In a previous article, I wrote how it doesn’t take much to call yourself an agency recruiter. Ask anyone within industry experience and they will tell you the same thing: a phone and access to a resume database and you can start selling yourself as an agency recruiter. Unfortunately it takes a lot more than that to be a respected recruiter, however that debate is for another time and place.
Either way, with so many third party recruiting agencies out there, it’s easy for hiring managers to give a requirement to one of the 50 people who call their office daily and tell them “just find me this candidate…” and move on.
Any recruiter worth their salt knows that is not how you take a client job order, however this article is not about taking a job order – I will leave that to your first week of recruiter training. What this is about is how the hiring manager/recruiter relationship can impact the process of recruiting.
When an agency recruiter receives a qualified job order they work tirelessly to fill that position – a majority of recruiting is done on a contingent basis, which means the recruiter doesn’t get paid until the candidate goes to work (and in most cases successfully completes a probation period). As such the recruiter is working for free. It’s like asking a builder to custom build you a home and once construction is complete, you have the ability to back out of the house, no money exchanged. Recruiters put in days of hard work, countless conversations and hours of interviews just to present someone to a manager who can say no to in a split second and all their work goes unrewarded.

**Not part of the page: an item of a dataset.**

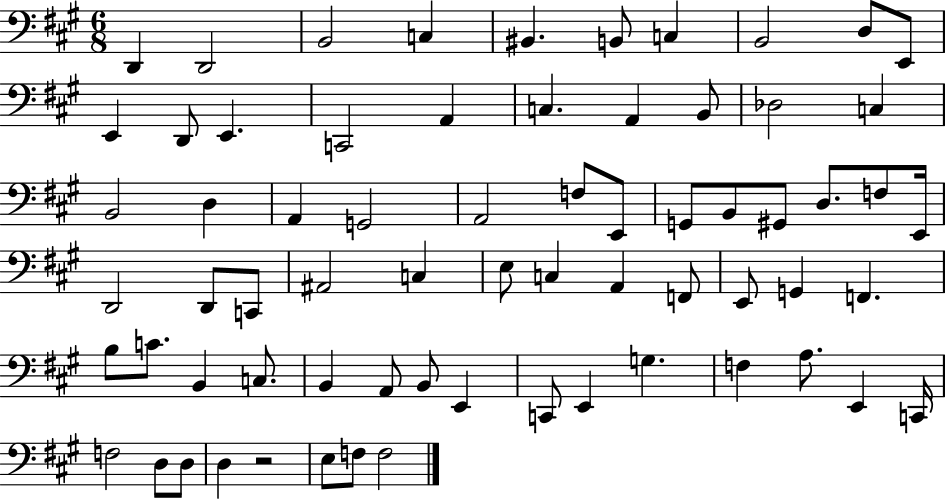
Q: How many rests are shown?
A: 1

The point I am getting at is with all of the hard work that goes into finding a candidate the importance of identifying the ideal person for your company’s opening it benefits both parties to have a relationship that goes beyond “just find me the right person…”
Below I highlight 4 points that will help benefit the hiring manager / recruiter relationship:
1) Take time to discuss the requirement:
Telling a recruiter to just look up the job description online is not enough. If that was the case, you would be able to find your candidate through your applications and, let’s face it, applications sometimes are at the bottom of the list as far as successful recruiting is concerned. However you are paying a premium to find the ideal candidate, and you can post an ad yourself – you don’t need to pay someone for that! If your agency recruiter wants to spend 20-30 minutes discussing the position, give it to them. 30 minutes may be a lot of time out of your schedule for one day, but if it saves a week of recruiting time, how much does that 30 minutes really hurt in the long run?

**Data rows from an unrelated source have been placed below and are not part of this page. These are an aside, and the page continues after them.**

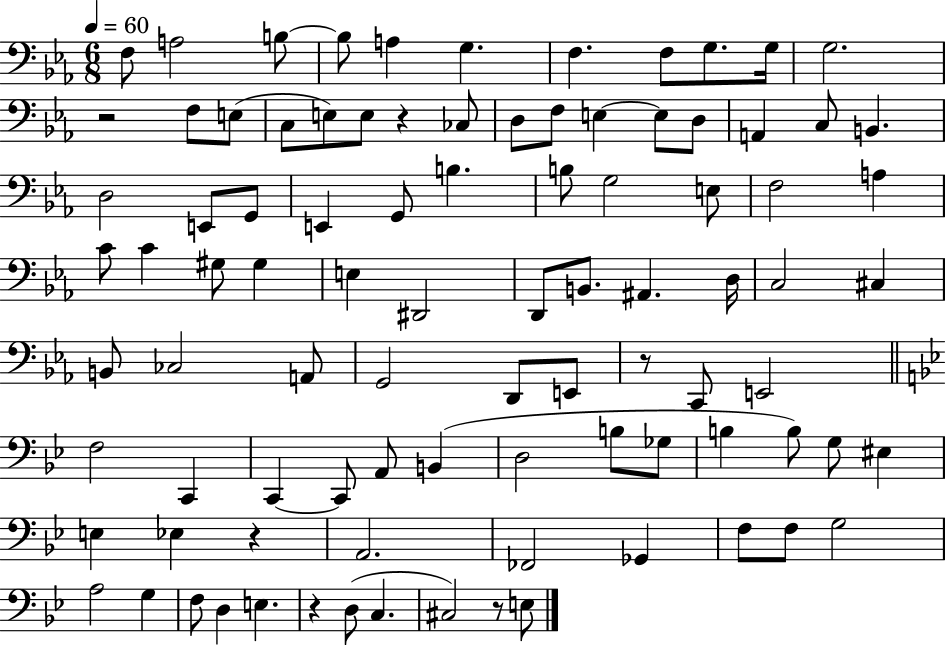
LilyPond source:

{
  \clef bass
  \numericTimeSignature
  \time 6/8
  \key ees \major
  \tempo 4 = 60
  f8 a2 b8~~ | b8 a4 g4. | f4. f8 g8. g16 | g2. | \break r2 f8 e8( | c8 e8) e8 r4 ces8 | d8 f8 e4~~ e8 d8 | a,4 c8 b,4. | \break d2 e,8 g,8 | e,4 g,8 b4. | b8 g2 e8 | f2 a4 | \break c'8 c'4 gis8 gis4 | e4 dis,2 | d,8 b,8. ais,4. d16 | c2 cis4 | \break b,8 ces2 a,8 | g,2 d,8 e,8 | r8 c,8 e,2 | \bar "||" \break \key bes \major f2 c,4 | c,4~~ c,8 a,8 b,4( | d2 b8 ges8 | b4 b8) g8 eis4 | \break e4 ees4 r4 | a,2. | fes,2 ges,4 | f8 f8 g2 | \break a2 g4 | f8 d4 e4. | r4 d8( c4. | cis2) r8 e8 | \break \bar "|."
}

2) Through candidate feedback:
In a perfect world you would hire the first candidate you interview through a recruiter. However, I don’t have to tell you this: we do not live in a perfect world. You will decline candidates, more than once. However, the recruiter’s job is not to just keep throwing candidates your way until they get it right. The goal is to understand why the candidate missed the mark and work from that. Telling a recruiter that the candidate wasn’t strong enough or didn’t fit the mould is not enough. Why are they not strong enough? Was it their lack of technology experience? Are their past employers not industry specific enough? Whatever detailed information you give the recruiter they are using that to turn around and better identify the ideal candidate. And at the end of the day all that does is eliminate the amount of time to spend looking for the ideal fit.
RELATED: Interviews: Why You Should Always Provide Feedback
3) Hiring speed:
Although a good recruiter can make it look like candidates grow on trees, the secret is they don’t. It’s understood that hiring can take a while, although sitting on a candidate for a significant period of time only hurts you. As much as I would like to prove otherwise, candidates are not only interviewing for your position. If you wait a month offering them the position, there is a chance they have already accepted another offer and moved on.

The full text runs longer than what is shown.